··· INPUT MATERIAL ···

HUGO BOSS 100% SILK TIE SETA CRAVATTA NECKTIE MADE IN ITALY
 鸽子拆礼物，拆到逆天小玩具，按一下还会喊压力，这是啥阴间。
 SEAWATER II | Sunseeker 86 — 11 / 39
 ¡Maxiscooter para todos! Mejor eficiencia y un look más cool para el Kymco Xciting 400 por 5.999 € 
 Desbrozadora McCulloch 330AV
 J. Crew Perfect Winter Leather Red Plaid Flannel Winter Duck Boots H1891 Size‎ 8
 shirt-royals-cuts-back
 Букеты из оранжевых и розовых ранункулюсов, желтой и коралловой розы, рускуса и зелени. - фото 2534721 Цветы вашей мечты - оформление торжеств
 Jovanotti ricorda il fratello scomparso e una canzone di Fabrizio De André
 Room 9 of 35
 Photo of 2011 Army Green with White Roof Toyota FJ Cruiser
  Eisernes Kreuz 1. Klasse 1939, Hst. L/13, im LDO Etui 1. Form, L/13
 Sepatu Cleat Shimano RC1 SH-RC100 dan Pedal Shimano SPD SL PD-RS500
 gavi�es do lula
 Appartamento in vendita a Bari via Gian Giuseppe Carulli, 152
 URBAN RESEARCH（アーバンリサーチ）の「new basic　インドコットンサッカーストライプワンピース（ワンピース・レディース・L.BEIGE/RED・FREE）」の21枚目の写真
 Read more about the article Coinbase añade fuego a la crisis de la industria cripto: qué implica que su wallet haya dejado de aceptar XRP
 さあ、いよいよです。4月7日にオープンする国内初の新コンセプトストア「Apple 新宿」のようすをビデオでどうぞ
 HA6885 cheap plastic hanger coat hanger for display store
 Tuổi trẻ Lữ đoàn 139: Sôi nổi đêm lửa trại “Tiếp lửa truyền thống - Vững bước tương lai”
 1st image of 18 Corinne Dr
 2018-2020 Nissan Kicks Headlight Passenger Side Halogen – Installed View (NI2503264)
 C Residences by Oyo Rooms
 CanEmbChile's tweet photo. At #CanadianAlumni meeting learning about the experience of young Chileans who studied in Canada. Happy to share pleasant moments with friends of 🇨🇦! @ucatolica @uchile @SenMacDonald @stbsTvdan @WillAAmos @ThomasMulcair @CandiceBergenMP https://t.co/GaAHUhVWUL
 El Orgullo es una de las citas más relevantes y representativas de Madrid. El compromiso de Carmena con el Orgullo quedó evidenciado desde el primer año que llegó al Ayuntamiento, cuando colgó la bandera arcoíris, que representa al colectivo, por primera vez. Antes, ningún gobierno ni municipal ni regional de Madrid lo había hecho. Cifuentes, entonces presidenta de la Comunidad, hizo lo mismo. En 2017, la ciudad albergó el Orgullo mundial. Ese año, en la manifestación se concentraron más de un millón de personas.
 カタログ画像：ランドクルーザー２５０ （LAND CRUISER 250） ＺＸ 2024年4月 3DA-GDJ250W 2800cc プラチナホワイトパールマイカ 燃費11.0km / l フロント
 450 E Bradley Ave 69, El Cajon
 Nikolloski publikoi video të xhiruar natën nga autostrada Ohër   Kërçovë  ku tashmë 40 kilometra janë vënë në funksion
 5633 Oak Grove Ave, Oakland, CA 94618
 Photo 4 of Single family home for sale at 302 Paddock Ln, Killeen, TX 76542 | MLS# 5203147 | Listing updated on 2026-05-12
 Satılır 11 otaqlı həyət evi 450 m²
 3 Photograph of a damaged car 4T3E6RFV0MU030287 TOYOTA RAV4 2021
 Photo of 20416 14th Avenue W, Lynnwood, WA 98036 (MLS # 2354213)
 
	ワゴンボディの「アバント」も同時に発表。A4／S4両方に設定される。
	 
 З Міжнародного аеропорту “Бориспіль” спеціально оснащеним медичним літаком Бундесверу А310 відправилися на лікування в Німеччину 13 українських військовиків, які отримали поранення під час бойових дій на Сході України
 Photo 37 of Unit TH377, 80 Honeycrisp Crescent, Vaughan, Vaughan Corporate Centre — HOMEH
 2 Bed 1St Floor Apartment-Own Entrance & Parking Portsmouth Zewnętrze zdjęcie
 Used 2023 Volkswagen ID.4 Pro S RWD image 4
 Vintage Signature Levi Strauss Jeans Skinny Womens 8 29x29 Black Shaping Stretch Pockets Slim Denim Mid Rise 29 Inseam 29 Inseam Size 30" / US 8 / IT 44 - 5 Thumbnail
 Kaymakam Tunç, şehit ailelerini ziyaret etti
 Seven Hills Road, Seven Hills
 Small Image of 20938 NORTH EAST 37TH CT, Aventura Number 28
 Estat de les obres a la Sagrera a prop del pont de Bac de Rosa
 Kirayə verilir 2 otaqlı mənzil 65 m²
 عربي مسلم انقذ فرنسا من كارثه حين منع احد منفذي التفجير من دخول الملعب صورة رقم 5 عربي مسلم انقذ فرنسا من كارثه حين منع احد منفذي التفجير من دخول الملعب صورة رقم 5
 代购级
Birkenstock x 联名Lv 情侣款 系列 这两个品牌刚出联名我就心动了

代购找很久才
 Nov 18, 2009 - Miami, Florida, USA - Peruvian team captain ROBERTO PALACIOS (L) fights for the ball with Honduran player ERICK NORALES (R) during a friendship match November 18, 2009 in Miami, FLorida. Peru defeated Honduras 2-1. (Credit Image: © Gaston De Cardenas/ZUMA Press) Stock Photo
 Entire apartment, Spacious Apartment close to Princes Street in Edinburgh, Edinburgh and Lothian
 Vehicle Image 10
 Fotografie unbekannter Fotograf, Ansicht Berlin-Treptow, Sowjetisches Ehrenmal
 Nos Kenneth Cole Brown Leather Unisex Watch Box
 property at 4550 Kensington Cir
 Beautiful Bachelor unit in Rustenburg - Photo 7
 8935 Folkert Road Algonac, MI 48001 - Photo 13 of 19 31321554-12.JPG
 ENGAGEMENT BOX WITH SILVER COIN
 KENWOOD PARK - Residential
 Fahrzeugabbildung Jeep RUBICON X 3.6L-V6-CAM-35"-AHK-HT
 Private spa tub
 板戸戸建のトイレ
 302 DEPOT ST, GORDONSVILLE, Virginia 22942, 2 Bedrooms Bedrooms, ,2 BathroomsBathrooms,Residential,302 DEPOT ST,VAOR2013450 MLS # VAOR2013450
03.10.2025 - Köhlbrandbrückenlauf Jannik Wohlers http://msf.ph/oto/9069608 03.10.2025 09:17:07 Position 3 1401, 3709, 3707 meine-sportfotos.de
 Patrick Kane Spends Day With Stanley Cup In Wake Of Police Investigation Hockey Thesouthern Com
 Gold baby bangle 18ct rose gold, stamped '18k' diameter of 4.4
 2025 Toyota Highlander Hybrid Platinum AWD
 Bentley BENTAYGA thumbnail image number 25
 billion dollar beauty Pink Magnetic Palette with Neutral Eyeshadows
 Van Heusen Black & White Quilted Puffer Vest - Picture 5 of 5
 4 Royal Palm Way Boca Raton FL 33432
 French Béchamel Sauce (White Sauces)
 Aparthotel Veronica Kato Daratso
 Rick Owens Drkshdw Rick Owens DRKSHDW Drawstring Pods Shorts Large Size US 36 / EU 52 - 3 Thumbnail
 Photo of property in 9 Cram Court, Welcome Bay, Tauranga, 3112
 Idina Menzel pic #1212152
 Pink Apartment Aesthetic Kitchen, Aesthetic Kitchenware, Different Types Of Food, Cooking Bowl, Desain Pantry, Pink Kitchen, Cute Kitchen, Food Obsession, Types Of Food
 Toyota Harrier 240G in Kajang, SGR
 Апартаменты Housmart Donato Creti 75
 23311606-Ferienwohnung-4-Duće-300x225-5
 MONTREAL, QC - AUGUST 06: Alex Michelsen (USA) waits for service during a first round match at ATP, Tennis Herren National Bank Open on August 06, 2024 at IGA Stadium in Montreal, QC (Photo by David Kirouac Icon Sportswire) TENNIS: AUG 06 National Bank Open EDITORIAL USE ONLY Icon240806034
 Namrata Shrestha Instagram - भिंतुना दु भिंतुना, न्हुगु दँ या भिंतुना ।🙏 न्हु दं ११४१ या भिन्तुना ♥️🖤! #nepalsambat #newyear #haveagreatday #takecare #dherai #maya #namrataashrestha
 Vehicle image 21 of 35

···

- WHAT TO PRODUCE
Each line in the listing above from the one containing "Appartamento in vendita" through the one containing "1st image of 18 Corinne Dr" should be repeated exactly, and no other line.

- RESULT FOR THIS TASK
 Appartamento in vendita a Bari via Gian Giuseppe Carulli, 152
 URBAN RESEARCH（アーバンリサーチ）の「new basic　インドコットンサッカーストライプワンピース（ワンピース・レディース・L.BEIGE/RED・FREE）」の21枚目の写真
 Read more about the article Coinbase añade fuego a la crisis de la industria cripto: qué implica que su wallet haya dejado de aceptar XRP
 さあ、いよいよです。4月7日にオープンする国内初の新コンセプトストア「Apple 新宿」のようすをビデオでどうぞ
 HA6885 cheap plastic hanger coat hanger for display store
 Tuổi trẻ Lữ đoàn 139: Sôi nổi đêm lửa trại “Tiếp lửa truyền thống - Vững bước tương lai”
 1st image of 18 Corinne Dr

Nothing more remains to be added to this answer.